Precisely, the erasure was what we experienced from Mr. Straw at the summit. Adding insult to injury was Mr. Straw demanding from the stage that Muslim theologians needed to issue fatwas and speak out against Da’ish with the underlying assumption that either they are silent or collectively are supportive and responsible for what the terrorists are doing.

During the question-and-answer period, I made sure to challenge this collective assignment of responsibility and the unsubstantiated assertion that Muslim theologians are silent and to be faulted for what is underway in Iraq. I did mention that I was a party of a collective response by Muslim scholars directed at refuting Da’ish claims. Furthermore, I pointed out that every Muslim group of any level of standing around the world issued a statement — if not multiple ones — in response to Da’ish criminal and terroristic acts. Lastly, I put the question to Mr. Straw as to why he believed that Muslims, as a group, all 1.4 billion of them, should be held responsible for Da’ish and not Bush, Blair and himself for the invasion of Iraq and creating the conditions that gave rise to this terroristic enterprise. Mr. Straw’s answer to the question was not forthcoming and he swiftly shifted from lack of fatwas to blaming people for being confused as to what to do. While people’s confusion is not unique to Muslims, Mr. Straw problematizing it as the cause for Da’ish’s rise is wickedly cruel. Furthermore, Mr. Straw refused to admit any responsibility for the horror show in Iraq. On the stage and sharing the panel with Mr. Straw was Mahdi Hasan from Aljazeera English, who pressed him on the question by stating that Blair himself has accepted partial responsibility and if he would do the same, but to no avail.

The European Islamophobia Summit was a moment of marking and unmarking history. An event that should have been marked and written back into contemporary history — the local narrative of the Bosnian genocide — ended up in compounded erasures and shifting responsibility. Not to imply that all the presentations suffered from the same error; on the contrary, some great papers and speakers offered detailed accounting of Islamophobia at the European and theoretical levels. But the opening and some parts of the summit created problematic framing and wasted badly needed resources.
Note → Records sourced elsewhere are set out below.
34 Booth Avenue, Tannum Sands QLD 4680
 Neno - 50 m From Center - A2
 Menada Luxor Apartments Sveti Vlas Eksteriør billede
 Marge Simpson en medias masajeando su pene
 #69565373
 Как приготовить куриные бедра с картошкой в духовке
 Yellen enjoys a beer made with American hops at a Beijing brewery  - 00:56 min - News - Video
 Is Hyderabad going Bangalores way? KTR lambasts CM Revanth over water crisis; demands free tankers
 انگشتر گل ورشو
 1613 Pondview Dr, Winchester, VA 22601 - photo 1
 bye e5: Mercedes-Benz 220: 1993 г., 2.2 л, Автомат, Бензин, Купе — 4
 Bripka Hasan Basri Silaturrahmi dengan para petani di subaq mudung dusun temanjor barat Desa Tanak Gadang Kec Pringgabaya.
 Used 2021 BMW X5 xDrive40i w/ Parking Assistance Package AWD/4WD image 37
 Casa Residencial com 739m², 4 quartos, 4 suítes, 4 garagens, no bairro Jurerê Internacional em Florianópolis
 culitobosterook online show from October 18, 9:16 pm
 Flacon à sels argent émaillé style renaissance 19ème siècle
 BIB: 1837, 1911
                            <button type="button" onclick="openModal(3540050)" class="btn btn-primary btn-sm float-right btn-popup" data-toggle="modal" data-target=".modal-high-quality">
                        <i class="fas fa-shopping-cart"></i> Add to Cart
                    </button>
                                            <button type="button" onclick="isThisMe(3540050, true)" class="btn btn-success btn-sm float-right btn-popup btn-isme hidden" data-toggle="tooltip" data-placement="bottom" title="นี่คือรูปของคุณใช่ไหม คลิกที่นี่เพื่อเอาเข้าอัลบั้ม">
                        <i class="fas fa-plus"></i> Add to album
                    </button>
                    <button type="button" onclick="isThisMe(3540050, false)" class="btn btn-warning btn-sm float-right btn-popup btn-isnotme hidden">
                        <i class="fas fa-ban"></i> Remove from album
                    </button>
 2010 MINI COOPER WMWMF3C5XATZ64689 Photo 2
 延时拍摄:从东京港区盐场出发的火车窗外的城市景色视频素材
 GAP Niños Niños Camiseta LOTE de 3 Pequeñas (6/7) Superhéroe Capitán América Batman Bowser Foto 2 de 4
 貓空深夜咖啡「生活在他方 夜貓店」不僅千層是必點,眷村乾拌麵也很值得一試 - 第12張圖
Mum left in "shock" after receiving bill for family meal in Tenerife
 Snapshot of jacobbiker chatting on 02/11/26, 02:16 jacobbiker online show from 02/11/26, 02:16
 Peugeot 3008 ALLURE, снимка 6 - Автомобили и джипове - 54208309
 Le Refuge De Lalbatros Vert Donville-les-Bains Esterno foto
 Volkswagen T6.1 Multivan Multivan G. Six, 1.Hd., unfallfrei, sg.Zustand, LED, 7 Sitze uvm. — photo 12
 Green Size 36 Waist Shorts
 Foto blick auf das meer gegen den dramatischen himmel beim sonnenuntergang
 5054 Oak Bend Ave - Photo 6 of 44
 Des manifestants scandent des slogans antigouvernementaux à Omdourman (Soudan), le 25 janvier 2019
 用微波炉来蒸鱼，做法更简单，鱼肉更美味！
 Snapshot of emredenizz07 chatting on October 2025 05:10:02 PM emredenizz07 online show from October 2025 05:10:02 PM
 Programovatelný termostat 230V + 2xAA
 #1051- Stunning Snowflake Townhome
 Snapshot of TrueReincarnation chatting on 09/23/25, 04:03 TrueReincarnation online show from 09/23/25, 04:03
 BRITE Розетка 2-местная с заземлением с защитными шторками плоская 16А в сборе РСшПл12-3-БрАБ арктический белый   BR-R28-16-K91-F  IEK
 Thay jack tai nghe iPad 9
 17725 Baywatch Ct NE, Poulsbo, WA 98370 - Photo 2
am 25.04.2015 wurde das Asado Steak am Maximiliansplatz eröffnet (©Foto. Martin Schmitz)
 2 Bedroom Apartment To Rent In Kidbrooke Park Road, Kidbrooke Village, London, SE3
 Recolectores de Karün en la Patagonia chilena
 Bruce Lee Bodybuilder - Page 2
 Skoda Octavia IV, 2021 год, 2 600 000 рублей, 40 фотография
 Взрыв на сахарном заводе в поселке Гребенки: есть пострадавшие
What the Bosnian genocide provides is a stark contemporary example of the far-reaching consequences of Islamophobia. The Bosnian genocide provides an illustration of what happens when a process of de-humanization is set in motion and is coupled with a nativist and nationalist fervor. Death camps, acts of mass rape, ethnic cleansing and genocide begin with constructing an othering narrative that then gets to be affirmed through action. The narrative about Muslims in Europe and America should raise alarms for everyone concerned, and the Bosnian experience is an apt lesson that “never again” was not sustained.